◆ Assignment
Look for "https" in each line of the entries, and return the matching lines.

*** Data for review

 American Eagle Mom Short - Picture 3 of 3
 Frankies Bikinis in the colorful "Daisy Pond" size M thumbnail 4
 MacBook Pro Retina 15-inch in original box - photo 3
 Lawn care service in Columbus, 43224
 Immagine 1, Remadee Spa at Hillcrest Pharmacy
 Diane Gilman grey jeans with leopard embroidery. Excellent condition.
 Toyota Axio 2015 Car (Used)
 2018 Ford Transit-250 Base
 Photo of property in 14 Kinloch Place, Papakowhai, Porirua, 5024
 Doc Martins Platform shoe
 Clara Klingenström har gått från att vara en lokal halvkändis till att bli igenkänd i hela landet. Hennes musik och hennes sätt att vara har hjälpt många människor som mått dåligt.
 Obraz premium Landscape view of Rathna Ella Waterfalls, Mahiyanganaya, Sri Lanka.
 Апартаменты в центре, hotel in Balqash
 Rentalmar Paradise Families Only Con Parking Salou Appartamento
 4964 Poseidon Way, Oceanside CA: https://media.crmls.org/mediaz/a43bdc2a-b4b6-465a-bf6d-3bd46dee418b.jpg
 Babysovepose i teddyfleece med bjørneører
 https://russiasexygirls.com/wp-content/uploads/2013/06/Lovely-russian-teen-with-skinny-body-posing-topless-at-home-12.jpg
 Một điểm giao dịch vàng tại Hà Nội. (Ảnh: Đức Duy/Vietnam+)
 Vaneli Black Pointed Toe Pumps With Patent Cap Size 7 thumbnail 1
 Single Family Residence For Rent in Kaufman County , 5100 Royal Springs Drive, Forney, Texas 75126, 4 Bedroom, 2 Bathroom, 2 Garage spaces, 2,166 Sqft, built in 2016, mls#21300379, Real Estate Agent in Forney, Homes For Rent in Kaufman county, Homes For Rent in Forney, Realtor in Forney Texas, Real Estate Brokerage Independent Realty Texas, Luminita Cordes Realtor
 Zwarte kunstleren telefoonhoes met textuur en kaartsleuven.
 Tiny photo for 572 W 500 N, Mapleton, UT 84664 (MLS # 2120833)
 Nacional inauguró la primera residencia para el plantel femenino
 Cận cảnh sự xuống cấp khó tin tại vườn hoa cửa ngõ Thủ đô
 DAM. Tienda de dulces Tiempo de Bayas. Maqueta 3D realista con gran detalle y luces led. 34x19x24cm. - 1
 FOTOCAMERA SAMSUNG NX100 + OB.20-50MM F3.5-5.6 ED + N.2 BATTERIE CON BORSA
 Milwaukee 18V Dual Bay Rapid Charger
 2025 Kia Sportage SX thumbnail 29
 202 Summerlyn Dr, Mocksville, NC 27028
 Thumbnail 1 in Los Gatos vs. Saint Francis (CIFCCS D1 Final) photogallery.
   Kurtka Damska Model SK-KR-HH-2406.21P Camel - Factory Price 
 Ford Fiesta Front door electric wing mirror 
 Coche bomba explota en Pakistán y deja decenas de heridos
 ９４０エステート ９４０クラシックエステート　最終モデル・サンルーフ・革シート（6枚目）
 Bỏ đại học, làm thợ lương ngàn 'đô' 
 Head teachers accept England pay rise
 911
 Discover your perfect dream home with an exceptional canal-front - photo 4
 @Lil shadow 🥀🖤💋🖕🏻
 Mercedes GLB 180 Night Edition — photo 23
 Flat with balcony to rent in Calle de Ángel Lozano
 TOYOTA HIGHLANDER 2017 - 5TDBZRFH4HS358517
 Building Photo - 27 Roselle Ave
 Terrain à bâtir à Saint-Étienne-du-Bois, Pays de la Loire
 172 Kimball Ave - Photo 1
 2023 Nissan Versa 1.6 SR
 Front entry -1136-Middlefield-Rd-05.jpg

******

◆ Expected output
 4964 Poseidon Way, Oceanside CA: https://media.crmls.org/mediaz/a43bdc2a-b4b6-465a-bf6d-3bd46dee418b.jpg
 https://russiasexygirls.com/wp-content/uploads/2013/06/Lovely-russian-teen-with-skinny-body-posing-topless-at-home-12.jpg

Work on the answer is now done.